━━━━━ Data segment

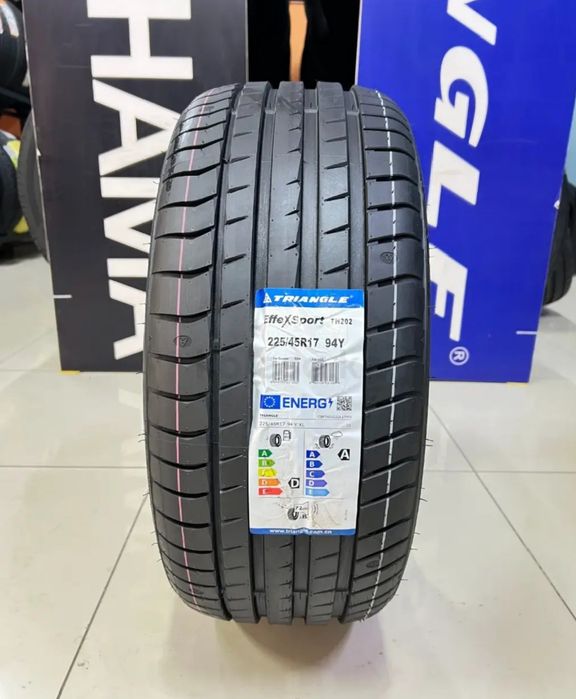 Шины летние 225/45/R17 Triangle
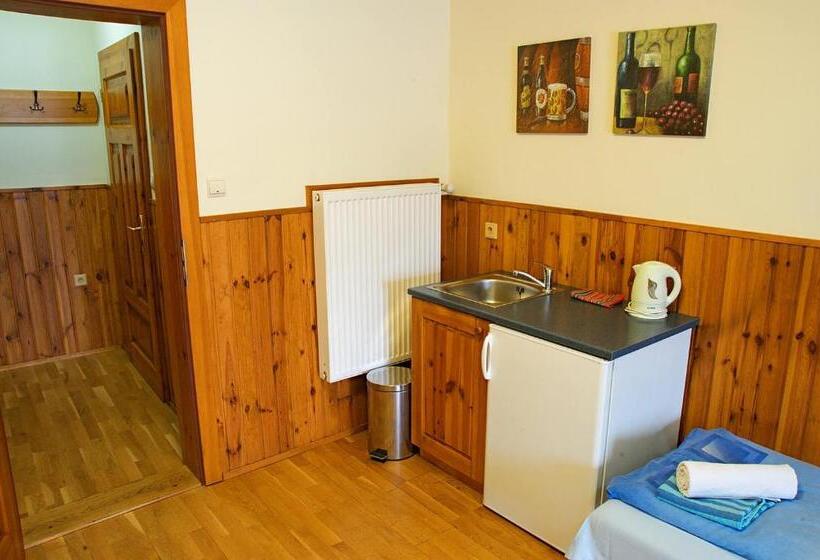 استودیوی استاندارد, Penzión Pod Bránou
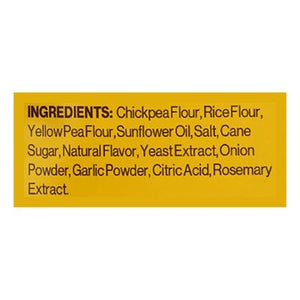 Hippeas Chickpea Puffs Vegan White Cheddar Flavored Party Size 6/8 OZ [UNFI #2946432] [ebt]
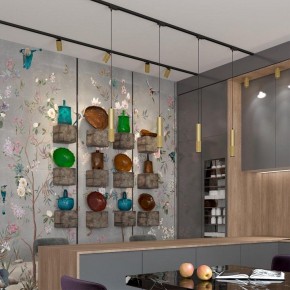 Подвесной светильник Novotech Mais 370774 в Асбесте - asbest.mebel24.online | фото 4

━━━━━━━━━━

Task goal: Set down word for word each line from the one containing "استودیوی استاندارد, Penzión Pod Bránou" through the end of the material, and keep the pictures out of it.

Solution for this task:
 استودیوی استاندارد, Penzión Pod Bránou
 Hippeas Chickpea Puffs Vegan White Cheddar Flavored Party Size 6/8 OZ [UNFI #2946432] [ebt]
 Подвесной светильник Novotech Mais 370774 в Асбесте - asbest.mebel24.online | фото 4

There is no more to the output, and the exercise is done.